While I am not defending them at all I will say that I hated being pregnant. I was extremely sick and while I wanted my children greatly I did not bond much until after birth. I will pray that the moment those boys are born that their parents feel much differently. I understand fear completely and perhaps even a little frustration at what you may be losing, but what I read here worries me (not to mention the desire to publish your views). Lots of anger. Poor babies. Saying a prayer for the family now.
Dawn Davenport – I did appreciate what you had to say about it. Thanks.
FWIW, I think I could have sympathy for this guy, and his wife, if he hadn’t also written that they were hoping something would be genetically wrong (and testing them in every way to hopefully find something) so they could terminate their pregnancy and I guess move on to have the ‘perfect girl’ child they were wanting.
Christi, yes, that was a difficult piece of info to swallow.
When I read the article I had some sympathy for the writer. I also read it differently than most people, as I’m someone who uses my blog to let the rants fly every now and then. To me, it seemed like a rant (I hope it was a rant) rather than a out analysis of the situation they got themselves into. Perhaps it’s also a response to the too-many “everything is sunshine and rainbows” articles and posts we sometimes see after infertility. I don’t know, I just know that I feel a little weird that I didn’t get as bent out of shape as most bloggers.
Geochick, I know what you mean. I felt a little weird saying that I understood in part where he was coming from. I also don’t know if he submitted this to the Huffington Post or whether they pulled it over from Babble by themselves.
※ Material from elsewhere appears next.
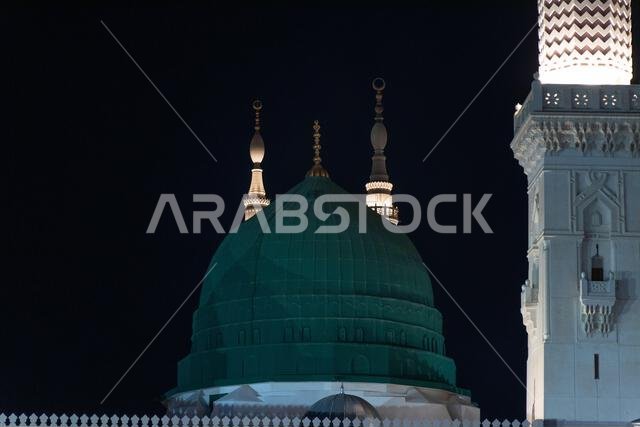 القبة الخضراء للمسجد النبوي ليلاً.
There are some vents that shouldn’t be aired publicly since our kids will someday be able to read what we wrote. He at least realized that by remaining anonymous. Or at least I hope that’s the main reason that he posted anonymously, rather than just fear of being slammed by all who read his essay.
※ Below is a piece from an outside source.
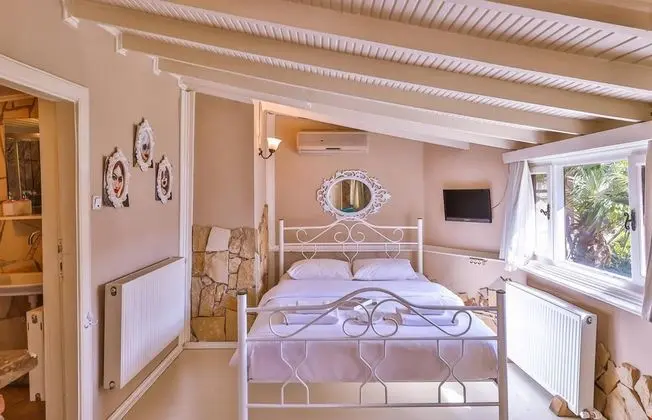 Şömineli Bungalov - Bahçe Manzaralı, Bahçe Katı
I can understand, however, that feeling of “OMG-What have I done. My life, as I know it, is over.” I think lots of folks have felt that. I do hope he’s getting past it to the next stage of acceptance and hopefully excitement. It really bugs me that he didn’t express some worry about the health of his sons. From his self centered perspective, sick or disabled kids would really throw a monkey wrench into his life.
I can understand fear. Its a big undertaking. But we don’t like these new children? Already? Pregnancy is a time you build an emotional bond. Before they are demanding needy little creatures. If they don’t like them now when they require little they certainly won’t like them when they require much. I’m worried they are setting themselves up for reactive attachment disorder which will make them less likeable. Its a slippery slope down a vicious mountainside. You can’t play god. You asked for a baby, you got two. But that’s not what you wanted so you are going to scream and pout? Put on your big boy pants. You created these children. Don’t punish them for that.
[If they don’t like them now when they require little they certainly won’t like them when they require much.] TJ, good point, and I worry about that also.